Oxfam n’est pas la seule organisation à tirer sur les inégalités dans le pays à l’approche des assises de la fiscalité. Selon le parti du Progrès et du Socialisme (PPS), faisant partie de la coalition gouvernementale, la fiscalité dans le pays a besoin d’une révision complète.

Plusieurs constats dressés par ce parti de gauche affirment que les inégalités fiscales ne cessent de se creuser. Plus en détails, le parti affirme que 62% des 16.000 médecins au Maroc paient moins de 10.000 DH d’IR par an. Dans le même sens, plus de 5000 commerçants grossistes versent moins de 5000 DH d’IR ou d’IS par an alors que 47.000 entreprises du commerce de gros réalisent un chiffre d’affaires annuel de 53 Mds DH, sans déclarer de résultats.

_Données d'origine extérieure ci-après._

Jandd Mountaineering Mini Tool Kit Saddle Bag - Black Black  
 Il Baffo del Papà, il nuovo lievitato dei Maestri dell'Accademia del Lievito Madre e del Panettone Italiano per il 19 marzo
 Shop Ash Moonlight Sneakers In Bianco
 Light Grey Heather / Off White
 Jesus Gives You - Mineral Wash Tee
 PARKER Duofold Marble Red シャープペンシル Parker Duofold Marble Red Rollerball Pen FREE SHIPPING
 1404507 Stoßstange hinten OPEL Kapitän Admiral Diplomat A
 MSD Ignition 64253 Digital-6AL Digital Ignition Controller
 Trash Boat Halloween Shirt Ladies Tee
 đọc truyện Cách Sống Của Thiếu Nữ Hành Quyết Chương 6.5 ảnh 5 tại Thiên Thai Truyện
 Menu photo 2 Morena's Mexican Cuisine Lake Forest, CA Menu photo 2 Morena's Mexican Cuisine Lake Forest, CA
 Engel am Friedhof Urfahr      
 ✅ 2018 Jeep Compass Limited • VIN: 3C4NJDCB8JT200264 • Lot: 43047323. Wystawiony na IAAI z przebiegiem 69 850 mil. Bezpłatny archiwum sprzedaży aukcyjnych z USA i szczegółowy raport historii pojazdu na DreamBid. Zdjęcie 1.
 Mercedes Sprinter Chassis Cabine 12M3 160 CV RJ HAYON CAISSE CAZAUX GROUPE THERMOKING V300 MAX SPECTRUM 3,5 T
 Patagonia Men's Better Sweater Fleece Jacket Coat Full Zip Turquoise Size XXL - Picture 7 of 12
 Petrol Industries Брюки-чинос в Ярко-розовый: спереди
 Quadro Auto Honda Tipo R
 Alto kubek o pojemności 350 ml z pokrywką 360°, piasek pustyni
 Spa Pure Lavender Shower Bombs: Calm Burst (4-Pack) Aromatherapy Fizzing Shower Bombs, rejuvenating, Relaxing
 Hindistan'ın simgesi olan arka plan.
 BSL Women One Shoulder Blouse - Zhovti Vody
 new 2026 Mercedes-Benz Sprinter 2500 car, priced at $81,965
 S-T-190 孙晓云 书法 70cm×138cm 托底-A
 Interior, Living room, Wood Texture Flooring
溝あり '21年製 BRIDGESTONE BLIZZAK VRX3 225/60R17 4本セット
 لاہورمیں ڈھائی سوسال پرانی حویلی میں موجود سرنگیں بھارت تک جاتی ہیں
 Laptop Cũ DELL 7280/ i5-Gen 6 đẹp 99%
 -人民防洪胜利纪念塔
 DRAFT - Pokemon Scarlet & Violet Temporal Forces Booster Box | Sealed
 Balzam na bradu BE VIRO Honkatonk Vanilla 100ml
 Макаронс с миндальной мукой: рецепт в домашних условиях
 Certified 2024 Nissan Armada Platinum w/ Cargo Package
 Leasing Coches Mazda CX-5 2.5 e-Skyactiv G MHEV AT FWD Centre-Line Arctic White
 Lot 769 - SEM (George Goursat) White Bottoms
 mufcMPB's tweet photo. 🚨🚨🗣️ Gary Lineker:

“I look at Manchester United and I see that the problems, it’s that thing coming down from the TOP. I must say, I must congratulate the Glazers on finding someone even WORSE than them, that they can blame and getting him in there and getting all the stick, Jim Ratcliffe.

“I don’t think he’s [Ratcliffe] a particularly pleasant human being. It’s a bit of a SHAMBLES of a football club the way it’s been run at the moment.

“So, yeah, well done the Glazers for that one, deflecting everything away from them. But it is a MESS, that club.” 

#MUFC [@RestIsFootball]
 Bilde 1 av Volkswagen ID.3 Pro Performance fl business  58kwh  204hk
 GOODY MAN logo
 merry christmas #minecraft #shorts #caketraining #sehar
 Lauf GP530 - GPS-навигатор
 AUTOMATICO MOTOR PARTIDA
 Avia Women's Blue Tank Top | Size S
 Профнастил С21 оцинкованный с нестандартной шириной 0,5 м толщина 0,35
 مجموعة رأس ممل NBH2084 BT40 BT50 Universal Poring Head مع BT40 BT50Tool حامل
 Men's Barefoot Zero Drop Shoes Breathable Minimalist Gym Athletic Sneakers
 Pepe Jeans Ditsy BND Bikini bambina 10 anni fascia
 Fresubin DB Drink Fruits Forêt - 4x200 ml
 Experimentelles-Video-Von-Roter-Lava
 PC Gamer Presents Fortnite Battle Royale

« Sur la période 2006 à 2013, les dérogations fiscales ont totalisé pour un pays à revenu intermédiaire comme le Maroc la somme hallucinante de 234 Md DH, soit 1.3 fois les recettes fiscales prévues en 2014 ou plus de 28% de la richesse produite chaque année ! Et encore, ce chiffre ne reflète pas toute la réalité, puisque sur les 412 dispositions dérogatoires recensées par l’administration fiscale en 2013, seules 302 ont fait l’objet d’une évaluation qui est parfois discutable. L’État ne dispose donc d’aucune visibilité sur l’impact financier des 110 dépenses fiscales non mesurées, mais les maintient en acceptant l’opacité totale », lit-on sur un document du parti qui sera soumis comme proposition lors des assises prévues à Rabat les 3 et 4 mai.